The power supply I use is built in the following manner.  The ideas  
are based on fairly well known circuit ideas (I public domained one circuit 
diagram in 1981). This is not a balanced working model. It's a prototype 
for exploring solid state supplies since it does many things under different 
circumstances:

A 555 chip drives a power NPN. Frequency range approx 500hz-1khz.
The duty cycle (non-diode version) prefers the high stage as small as 
possible but can tolerate it the other way as well.  I have a pot 
that fine adjusts the high pulse and a larger pot on the second stage.  I drive a small 
(5W is a good starting point) audio speaker transformer (can you get 
these anymore?) hooked up in reverse i.e.  the thin coil (which is usually 
just 1 turn).

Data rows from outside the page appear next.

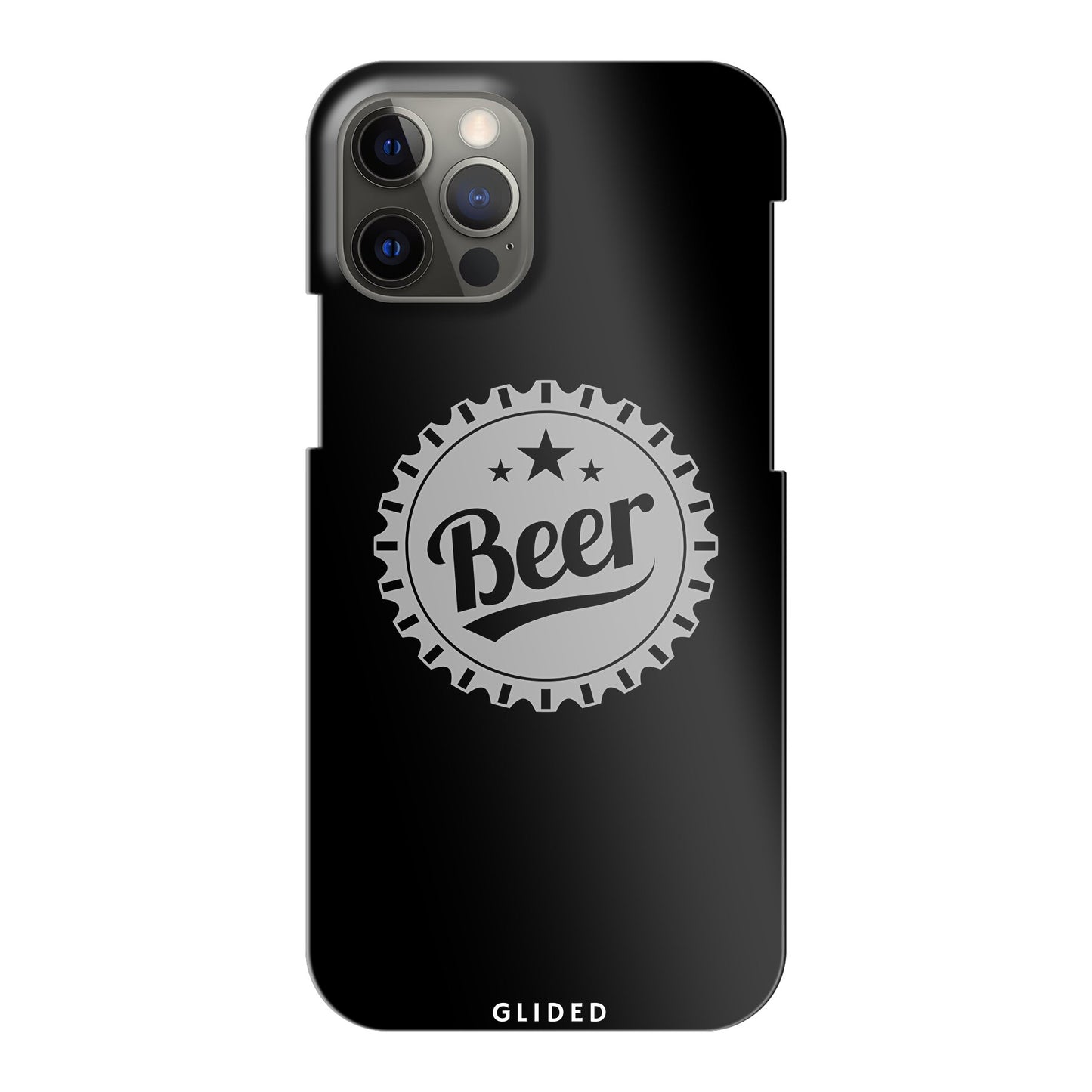 Cheers - iPhone 12 - Hard Case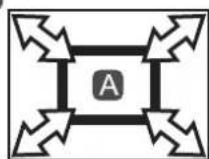 EPSON ELPMB43 - Adjust the forward/backward slide - 3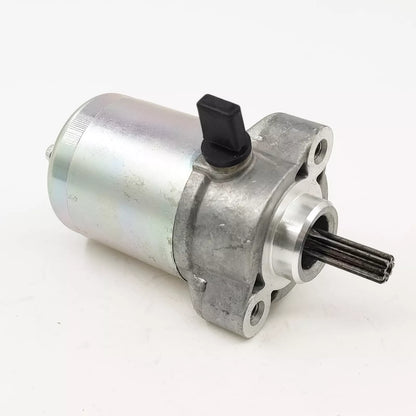 Starter Motor Yamaha TTR110E (2008-2025) Electric Start High Torque Replacement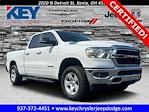 2021 Ram 1500 Quad Cab 4x4 Pickup for sale #KP895 - photo 1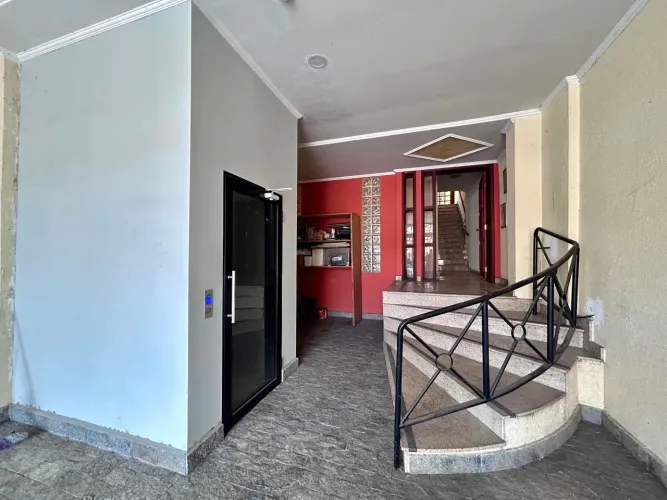 Casa Comercial / Residencial com 3 Suítes à Venda, Vila Carvalho - Sorocaba/SP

Switching is from ground (the reverse works as well).  You can get 
quite a wallop using a car ignition coil instead but you should trade 
your transistor up to a horizontal frequency power NPN.  At that 
point you may as well also start playing with higher frequencies and 
flyback coils.

I see the above as pulsating DC causing an AC output by virtue of the 
harmonics that are generated (somewhat similar to a Tesla coil). But this 
area is not my strong point. Perhaps Tom and/or Telford could comment.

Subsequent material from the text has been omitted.